Failures: [1]: time : 2024-01-27_18:50:36 host : instance-2.us-central1-a.c.training-382917.internal rank : 1 (local_rank: 1) exitcode : 1 (pid: 1150054) error_file: <N/A> traceback : To enable traceback see: https://pytorch.org/docs/stable/elastic/errors.html

Root Cause (first observed failure): [0]: time : 2024-01-27_18:50:36 host : instance-2.us-central1-a.c.training-382917.internal rank : 0 (local_rank: 0) exitcode : 1 (pid: 1150053) error_file: <N/A> traceback : To enable traceback see: https://pytorch.org/docs/stable/elastic/errors.html

Expected behavior

Since Lora works fine, I didn't expect so much troubles happen switching to other two methods. I checked up all previous bug reports and didn't find similar cases.

cyberyu avatar Jan 27 '24 19:01 cyberyu

Hey, Did you manage to solve this? I am getting the same error.

Mugheeera avatar Apr 01 '24 18:04 Mugheeera

just a quick try, I wonder if setting use_orig_params=False in here would help to bypass the error?

HamidShojanazeri avatar Apr 01 '24 19:04 HamidShojanazeri

use_orig_params=False results in this error. [rank0]: RuntimeError: The size of tensor a (4096) must match the size of tensor b (4126) at non-singleton dimension 3 when --peft_method prefix and ValueError: Must flatten tensors with uniform requires_grad when use_orig_params=False when --peft_method llama_adapter

Mugheeera avatar Apr 02 '24 10:04 Mugheeera

Hey, Did you manage to solve this? I am getting the same error.

Not yet. I didn't try anything new afterwards.

cyberyu avatar Apr 02 '24 20:04 cyberyu

same error here

wang-sj16 avatar Apr 22 '24 19:04 wang-sj16

Hi @cyberyu @Mugheeera @wang-sj16 I looked into llama_adapter and it turns out that the way llama_adapter and FSDP are written they are currently incompatible. Llama_adapter adds nn.Parameters to the model layers which do not get wrapped separately by FSDP which only wraps nn.Modules . We will add docs and probably check the config to make users aware of this.

Still looking into prefix, but it might be a similar story there.

mreso avatar May 01 '24 23:05 mreso

Turns out that in the case of prefix tuning its actually an incompatibility between the current peft and transformers/llama implementation. Previously, past_key_values used tuples as a data structure but "recently" (~5month ago) some models in transformers where updated to use a dedicated Cache data structure (including llama). The peft model is still creating a tuple https://github.com/huggingface/peft/blob/main/src/peft/peft_model.py#L517 which is incompatible with the current llama implementation in transformers.
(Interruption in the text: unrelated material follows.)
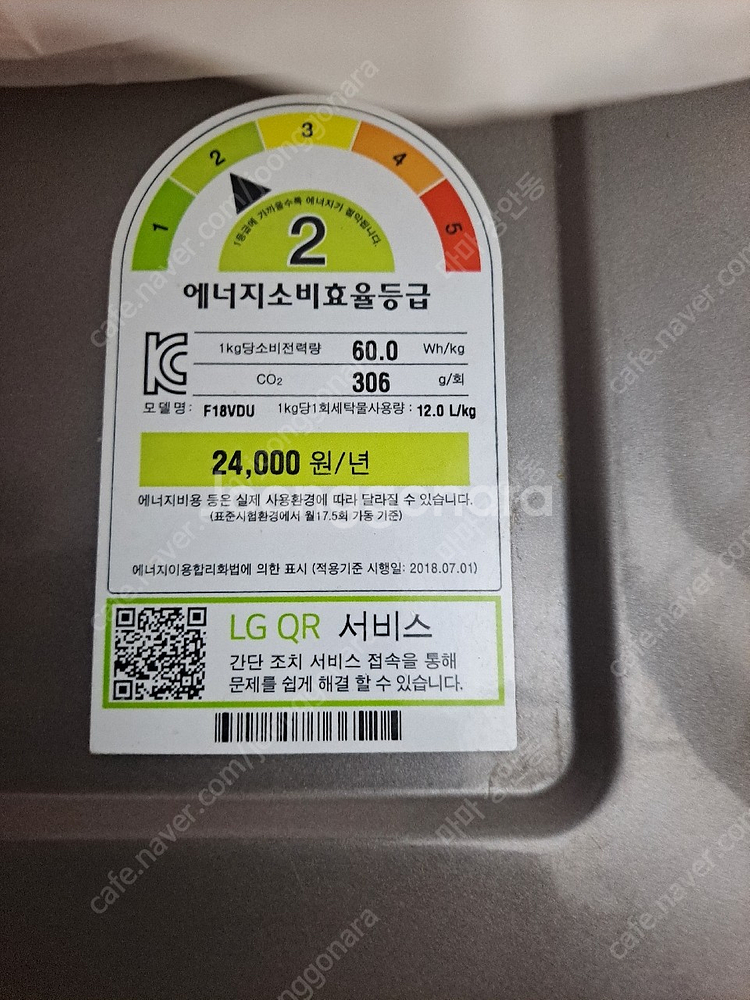 [상태최고] lg세탁기 트롬 18k--2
Will create a PR to remove prefix tuning for now until peft allows it with llama. @cyberyu @Mugheeera @wang-sj16 please fell free to create an issue in the peft repo if you want this use case supported.

mreso avatar May 02 '24 00:05 mreso

th

Turns out that in the case of prefix tuning its actually an incompatibility between the current peft and transformers/llama implementation. Previously, past_key_values used tuples as a data structure but "recently" (~5month ago) some models in transformers where updated to use a dedicated Cache data structure (including llama). The peft model is still creating a tuple https://github.com/huggingface/peft/blob/main/src/peft/peft_model.py#L517 which is incompatible with the current llama implementation in transformers. Will create a PR to remove prefix tuning for now until peft allows it with llama. @cyberyu @Mugheeera @wang-sj16 please fell free to create an issue in the peft repo if you want this use case supported.

Thank you so much for looking into this.

cyberyu avatar May 02 '24 00:05 cyberyu

Has this been changed yet? I'm getting the error here with llama2 7b,

transformers==4.3.2 torch==2.1.0 deepspeed==0.12.2

File "/root/.venv/unlrn/lib/python3.10/site-packages/transformers/models/llama/modeling_llama.py", line 402, in forward kv_seq_len += past_key_value.get_usable_length(kv_seq_len, self.layer_idx) AttributeError: 'list' object has no attribute 'get_usable_length'

aengusl avatar May 20 '24 10:05 aengusl

Hi @aengusl which techniques are you trying to run? Are you running the latest version of llama-recipes? Please note that prefix fine tuning is currently disabled completely as the peft library is incompatible with the current llama model provided by transformers and llama adapters only works without FSDP. The newest llama-recipes should reflect this changes.

mreso avatar May 20 '24 16:05 mreso

Closing this issue due to inactivity, feel free to reopen if there are further questions.

mreso avatar Jun 28 '24 00:06 mreso